Ford Stock Nearing Critical Juncture
The European crisis coupled with global economic fits and starts have hit the stock hard.
On the weekly bar chart below, a fairly symmetrical, yet right leaning bearish head and shoulders pattern has formed over the past two and a half years. The neckline "band" (dotted below) should be supportive near term and assist Ford "longs" in defining their risk. Note that because this is a weekly chart, I created a support band consisting of weekly closing prices AND intra-week prices.
This pattern should be respected, though, as a sustained move below the lower band of the neckline would trigger the bearish pattern and portend much lower prices. But for now, it's just another pattern worth watching especially if you have a vested interest in the stock.
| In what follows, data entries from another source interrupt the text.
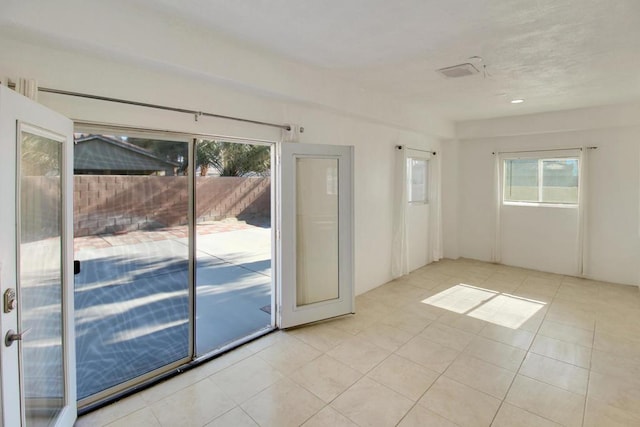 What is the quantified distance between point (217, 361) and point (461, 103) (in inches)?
175

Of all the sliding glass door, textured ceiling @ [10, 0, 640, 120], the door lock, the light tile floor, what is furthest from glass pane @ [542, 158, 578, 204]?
the door lock

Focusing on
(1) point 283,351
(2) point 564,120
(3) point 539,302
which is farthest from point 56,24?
(2) point 564,120

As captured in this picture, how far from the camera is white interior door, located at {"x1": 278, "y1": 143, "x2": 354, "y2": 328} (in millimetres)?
3406

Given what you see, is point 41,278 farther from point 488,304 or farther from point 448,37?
point 488,304

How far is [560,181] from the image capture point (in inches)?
216

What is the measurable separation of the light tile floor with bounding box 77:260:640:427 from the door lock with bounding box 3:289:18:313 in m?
1.18

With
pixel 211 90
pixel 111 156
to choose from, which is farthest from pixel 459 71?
pixel 111 156

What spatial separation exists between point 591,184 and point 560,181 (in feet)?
1.41

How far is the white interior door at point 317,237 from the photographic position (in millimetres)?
3406

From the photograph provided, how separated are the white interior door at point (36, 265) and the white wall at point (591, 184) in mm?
Result: 6100

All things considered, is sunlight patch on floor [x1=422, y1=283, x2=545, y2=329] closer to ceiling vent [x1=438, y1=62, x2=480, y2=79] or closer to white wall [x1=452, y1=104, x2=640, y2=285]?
white wall [x1=452, y1=104, x2=640, y2=285]

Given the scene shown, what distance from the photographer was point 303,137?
→ 3.62 meters

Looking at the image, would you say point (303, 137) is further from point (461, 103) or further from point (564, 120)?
point (564, 120)

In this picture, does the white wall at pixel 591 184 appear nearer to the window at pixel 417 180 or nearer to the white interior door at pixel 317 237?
the window at pixel 417 180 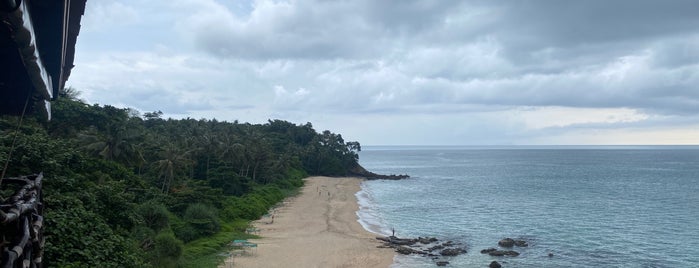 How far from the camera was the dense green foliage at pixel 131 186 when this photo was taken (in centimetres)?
1786

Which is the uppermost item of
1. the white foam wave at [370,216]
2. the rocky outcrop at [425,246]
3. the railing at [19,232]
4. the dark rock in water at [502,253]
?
the railing at [19,232]

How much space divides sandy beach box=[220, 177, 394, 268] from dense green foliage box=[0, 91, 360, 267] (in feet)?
9.16

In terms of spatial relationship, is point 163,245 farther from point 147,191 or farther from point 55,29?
point 55,29

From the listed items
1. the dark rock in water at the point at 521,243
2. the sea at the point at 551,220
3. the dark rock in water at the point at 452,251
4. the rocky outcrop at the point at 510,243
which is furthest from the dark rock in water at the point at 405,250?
the dark rock in water at the point at 521,243

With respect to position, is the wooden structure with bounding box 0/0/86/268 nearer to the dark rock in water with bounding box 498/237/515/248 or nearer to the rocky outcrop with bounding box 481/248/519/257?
the rocky outcrop with bounding box 481/248/519/257

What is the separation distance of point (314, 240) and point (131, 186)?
15659mm

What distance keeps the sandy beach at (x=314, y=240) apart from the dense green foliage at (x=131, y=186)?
2793 mm

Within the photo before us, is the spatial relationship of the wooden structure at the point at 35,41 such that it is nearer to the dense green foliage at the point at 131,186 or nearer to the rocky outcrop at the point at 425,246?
the dense green foliage at the point at 131,186

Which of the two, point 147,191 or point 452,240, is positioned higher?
point 147,191

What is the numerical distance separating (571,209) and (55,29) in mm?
69801

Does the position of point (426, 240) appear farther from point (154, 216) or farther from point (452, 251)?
point (154, 216)

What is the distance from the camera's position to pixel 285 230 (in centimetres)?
4569

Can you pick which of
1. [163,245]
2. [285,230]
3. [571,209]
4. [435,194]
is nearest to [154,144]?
[285,230]

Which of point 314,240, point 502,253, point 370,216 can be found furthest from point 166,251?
point 370,216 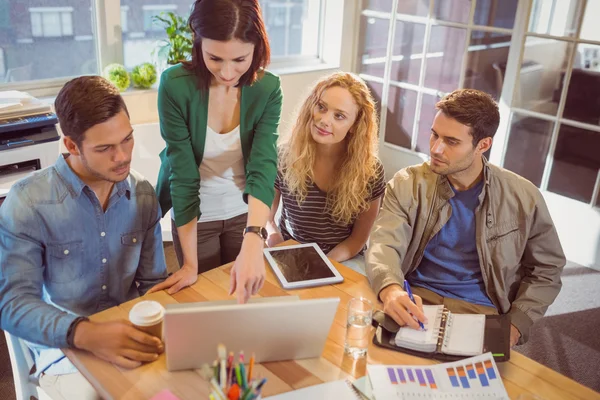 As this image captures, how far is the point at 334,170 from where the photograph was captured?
2.26 metres

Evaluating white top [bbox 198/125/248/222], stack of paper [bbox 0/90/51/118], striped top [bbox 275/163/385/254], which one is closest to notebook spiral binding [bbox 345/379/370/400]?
white top [bbox 198/125/248/222]

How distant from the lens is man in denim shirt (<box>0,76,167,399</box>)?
4.34 feet

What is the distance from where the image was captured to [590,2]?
3.07 meters

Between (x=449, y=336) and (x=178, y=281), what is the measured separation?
722 millimetres

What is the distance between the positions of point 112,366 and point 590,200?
2892mm

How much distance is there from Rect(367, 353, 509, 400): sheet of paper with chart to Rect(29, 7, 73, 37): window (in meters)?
Result: 2.76

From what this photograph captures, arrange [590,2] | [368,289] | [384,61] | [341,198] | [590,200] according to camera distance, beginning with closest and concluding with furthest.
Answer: [368,289]
[341,198]
[590,2]
[590,200]
[384,61]

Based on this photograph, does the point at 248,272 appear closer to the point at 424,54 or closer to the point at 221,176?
the point at 221,176

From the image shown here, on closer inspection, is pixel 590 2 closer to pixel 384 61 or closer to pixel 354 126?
pixel 384 61

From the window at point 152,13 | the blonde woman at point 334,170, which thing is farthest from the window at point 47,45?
the blonde woman at point 334,170

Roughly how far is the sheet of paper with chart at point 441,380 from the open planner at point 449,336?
37mm

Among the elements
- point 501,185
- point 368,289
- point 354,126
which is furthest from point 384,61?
point 368,289

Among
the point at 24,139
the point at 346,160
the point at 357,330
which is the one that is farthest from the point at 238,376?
the point at 24,139

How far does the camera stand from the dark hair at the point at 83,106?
1435 millimetres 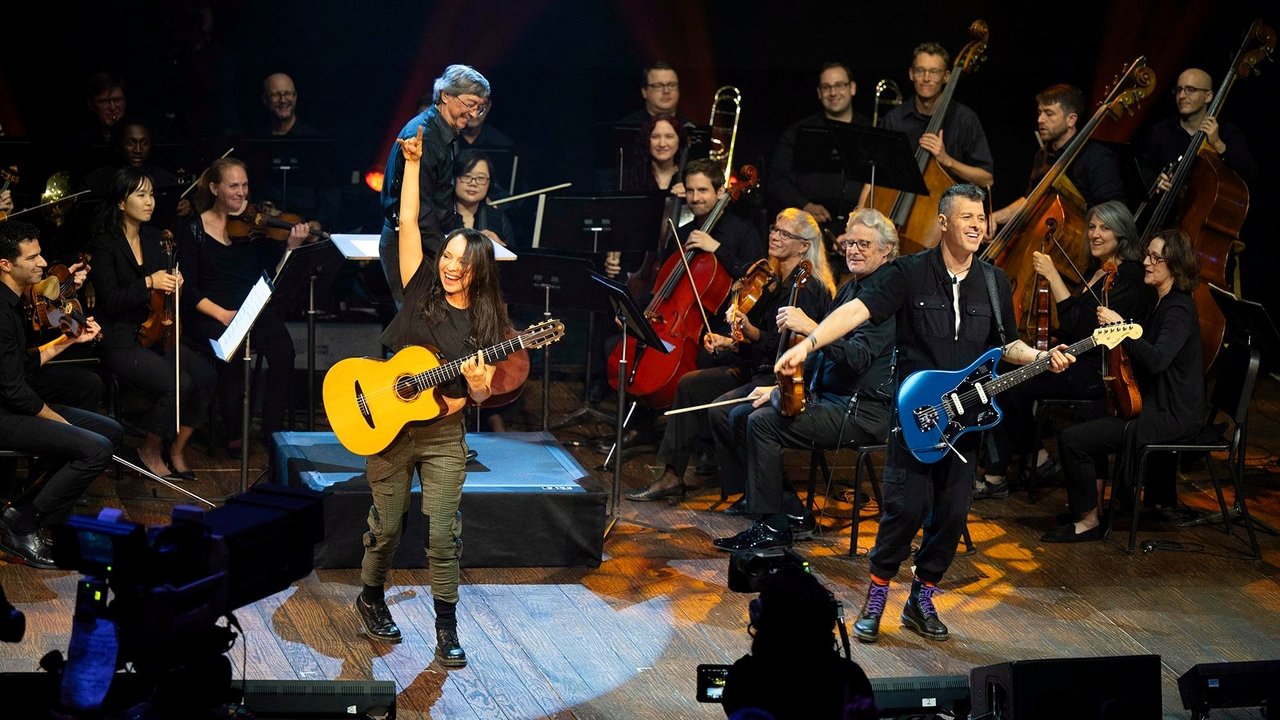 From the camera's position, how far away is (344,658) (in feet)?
16.6

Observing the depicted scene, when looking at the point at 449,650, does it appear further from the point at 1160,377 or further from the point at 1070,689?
the point at 1160,377

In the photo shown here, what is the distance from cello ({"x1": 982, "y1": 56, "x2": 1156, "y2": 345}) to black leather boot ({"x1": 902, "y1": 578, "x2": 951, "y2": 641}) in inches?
93.9

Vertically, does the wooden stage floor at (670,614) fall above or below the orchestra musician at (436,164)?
below

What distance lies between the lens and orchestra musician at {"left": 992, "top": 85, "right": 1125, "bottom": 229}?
7.77m

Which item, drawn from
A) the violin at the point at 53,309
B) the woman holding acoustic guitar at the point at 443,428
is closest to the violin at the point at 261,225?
the violin at the point at 53,309

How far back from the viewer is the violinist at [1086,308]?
7.01 m

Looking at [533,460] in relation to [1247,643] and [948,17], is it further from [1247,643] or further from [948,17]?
[948,17]

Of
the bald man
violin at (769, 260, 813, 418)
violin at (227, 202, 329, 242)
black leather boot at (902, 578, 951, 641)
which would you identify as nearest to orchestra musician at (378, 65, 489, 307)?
violin at (769, 260, 813, 418)

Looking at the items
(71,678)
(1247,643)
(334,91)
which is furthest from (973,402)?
(334,91)

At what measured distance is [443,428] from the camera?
505 cm

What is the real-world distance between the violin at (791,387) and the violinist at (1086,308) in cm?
114

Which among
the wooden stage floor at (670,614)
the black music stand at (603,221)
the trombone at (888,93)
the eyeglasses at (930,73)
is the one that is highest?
the eyeglasses at (930,73)

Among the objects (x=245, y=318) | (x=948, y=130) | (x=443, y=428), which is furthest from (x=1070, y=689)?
(x=948, y=130)

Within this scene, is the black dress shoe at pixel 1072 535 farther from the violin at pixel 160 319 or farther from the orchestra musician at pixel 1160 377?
the violin at pixel 160 319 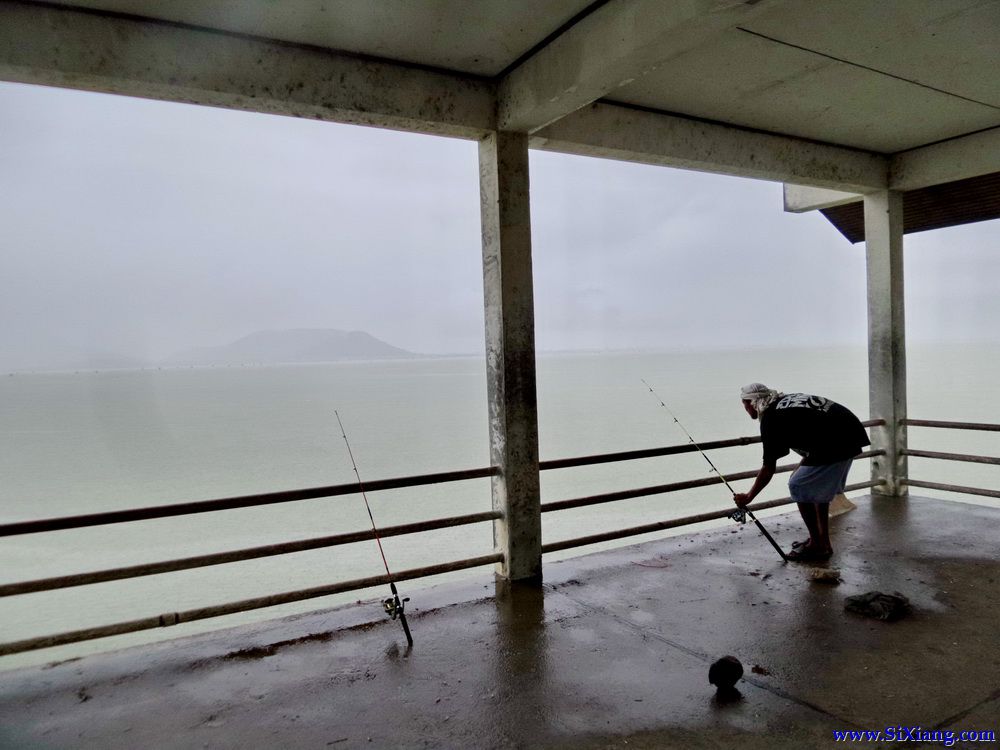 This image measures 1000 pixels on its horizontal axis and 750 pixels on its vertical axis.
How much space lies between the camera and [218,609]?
12.3 feet

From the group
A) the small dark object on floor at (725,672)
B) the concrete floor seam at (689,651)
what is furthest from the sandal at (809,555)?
the small dark object on floor at (725,672)

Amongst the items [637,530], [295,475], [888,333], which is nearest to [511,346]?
[637,530]

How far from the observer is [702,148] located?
→ 5.40 meters

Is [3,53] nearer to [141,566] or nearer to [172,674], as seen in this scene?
[141,566]

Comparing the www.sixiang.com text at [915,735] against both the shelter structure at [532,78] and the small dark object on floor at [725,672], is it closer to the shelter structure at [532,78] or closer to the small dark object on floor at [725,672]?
the small dark object on floor at [725,672]

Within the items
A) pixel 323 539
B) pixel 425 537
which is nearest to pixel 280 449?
pixel 425 537

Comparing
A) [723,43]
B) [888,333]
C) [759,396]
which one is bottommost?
[759,396]

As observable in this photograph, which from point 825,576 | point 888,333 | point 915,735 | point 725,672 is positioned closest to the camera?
point 915,735

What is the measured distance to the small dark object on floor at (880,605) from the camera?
12.5 ft

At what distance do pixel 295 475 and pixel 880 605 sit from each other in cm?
5282

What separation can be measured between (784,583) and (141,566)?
4.17 m

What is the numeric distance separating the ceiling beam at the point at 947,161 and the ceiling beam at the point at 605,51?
4.28 m

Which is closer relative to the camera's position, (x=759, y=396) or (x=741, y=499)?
(x=741, y=499)

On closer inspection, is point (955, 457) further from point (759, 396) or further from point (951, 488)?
point (759, 396) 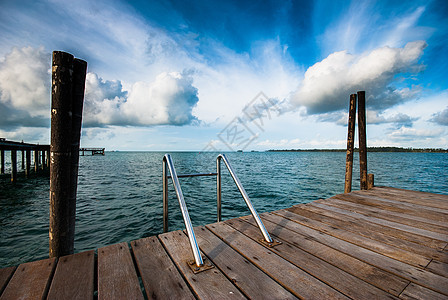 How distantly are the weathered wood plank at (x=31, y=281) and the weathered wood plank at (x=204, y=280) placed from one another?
1.10 m

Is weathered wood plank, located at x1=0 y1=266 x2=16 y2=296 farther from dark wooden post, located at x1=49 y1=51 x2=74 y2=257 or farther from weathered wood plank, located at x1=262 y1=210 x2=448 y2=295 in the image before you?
weathered wood plank, located at x1=262 y1=210 x2=448 y2=295

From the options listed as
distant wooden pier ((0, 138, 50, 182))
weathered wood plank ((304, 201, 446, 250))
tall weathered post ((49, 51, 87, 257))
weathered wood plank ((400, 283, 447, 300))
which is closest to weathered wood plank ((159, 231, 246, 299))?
tall weathered post ((49, 51, 87, 257))

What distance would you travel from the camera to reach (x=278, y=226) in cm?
310

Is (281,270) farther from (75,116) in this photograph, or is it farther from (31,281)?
(75,116)

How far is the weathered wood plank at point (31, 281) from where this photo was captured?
1603mm

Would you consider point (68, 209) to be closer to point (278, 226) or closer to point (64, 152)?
point (64, 152)

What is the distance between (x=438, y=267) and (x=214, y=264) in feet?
7.54

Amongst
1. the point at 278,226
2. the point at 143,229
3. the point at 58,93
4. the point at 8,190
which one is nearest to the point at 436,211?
the point at 278,226

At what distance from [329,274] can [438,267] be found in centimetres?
121

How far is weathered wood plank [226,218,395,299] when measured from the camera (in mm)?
1622

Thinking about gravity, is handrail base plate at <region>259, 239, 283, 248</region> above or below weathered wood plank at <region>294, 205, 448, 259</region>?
above

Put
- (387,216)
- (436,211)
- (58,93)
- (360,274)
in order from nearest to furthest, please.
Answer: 1. (360,274)
2. (58,93)
3. (387,216)
4. (436,211)

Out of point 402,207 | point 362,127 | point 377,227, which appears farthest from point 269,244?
point 362,127

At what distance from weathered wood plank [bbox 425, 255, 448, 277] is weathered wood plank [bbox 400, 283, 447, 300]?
0.45 metres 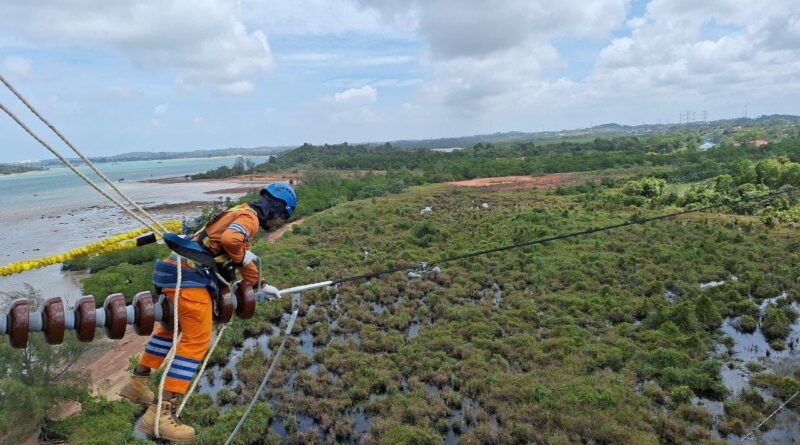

On a fundamental level, Ford analysts have been dropping earnings estimates steadily over the past few months as fears of slower global economic growth continue to weigh on the stock. Yet even with this in mind, estimates are still calling for a pickup in earnings and revenue growth next year. As such, Ford's forward P/E is just 5.80. When married up with global economic indicators and technical analysis, it is clear that the stock is moving in lockstep with the fits and starts and fears and whims of a global fiscal cliff.
Although better sentiment and stronger economic numbers may be a cure for what ails Ford, it is important to note that stocks typically price in what is known or foreseeable six months out... and right now, time and price have their technical eyes on the neckline support zone. You should, too.